2 min readMay 25, 2018

One of the items on the roadmap for Jaeger is the Data Pipeline, where Jaeger would be able to feed post-collection data into a system like Flink for further processing. This seems to be quite a popular feature and we want to collect more information about the sorts of use cases that you would like to see covered by this feature.

For the moment we’re not asking for specifics about technology, we want to focus on the business case: what types of post-processing jobs would you like to see as part of Jaeger? What kind of information are you missing that could be provided by post-processing tasks? And what are the highest priority needs that could be met by this feature?
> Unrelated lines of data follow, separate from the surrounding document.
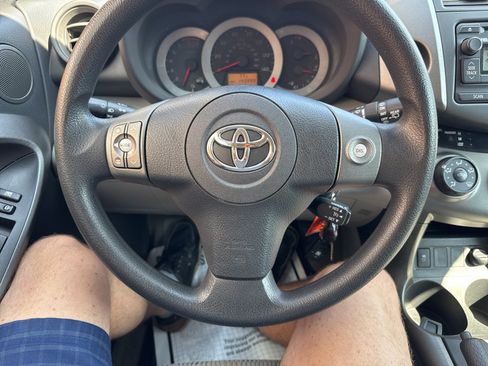 Used 2012 Toyota RAV4 4WD w/ Value Pkg image 26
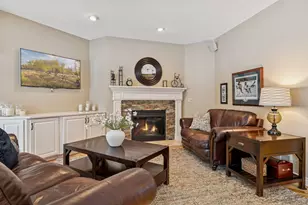 10488 Raleigh Rd, Woodbury, MN 55129 - Photo 27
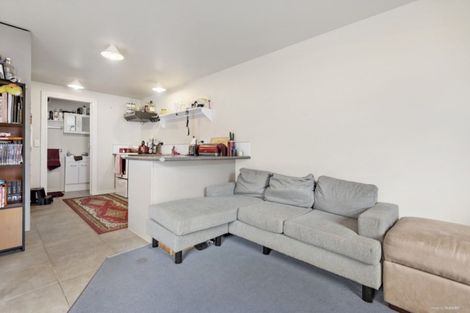 Photo of property in 60 Austin Street, Mount Victoria, Wellington, 6011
Share your own ideas with us via Gitter, mailing list or as a reaction to this blog post.

Path-based dependency diagrams

Path based dependency diagrams are part of the roadmap and are described in detail there.

Long-term storage

Jaeger backend storage (Cassandra/Elasticsearch) is not intended for long-term storage. There are even some scripts we provide to cleanup old data. But some of this data could be useful and be eligible for long-term storage. A consumer to the pipeline could filter the interesting spans and send to a long-term storage solution of choice.

Logging

Span data could be filtered and sent to a log collector like Fluentd, possibly for correlation with systems that are not being traced (yet!).

System-wide critical paths

Probably another view of the path-based dependency diagram, but identifying what are the critical paths on a given system. A critical path might be a frequently requested path where a failure in a given service would be propagated to the caller.

Suggestions for resiliency improvement

Similar to the above, a post-processing job could identify services whose downstream failures are not properly contained, suggesting that its resiliency could be improved.

Biggest bang for the buck

Identify “critical” spans, whose performance improvements would potentially improve the biggest number of upstream services.

Resource contention detection

Some trace patterns indicate resource contentions, like when several spans start at the same time. Hot Rod contains an example of such contention. Another item that might be relatively easy to find out is something similar to the “N+1” problem common in the SQL world.

Finding stability outliers

A “stable” span is a span that usually takes the same amount of time, within a given standard deviation. Outliers could potentially be found by filtering which spans are outside of this window (too fast, too slow).

Span trend view

A trend view could be built for span instances, showing how the performance of a given span was in the past.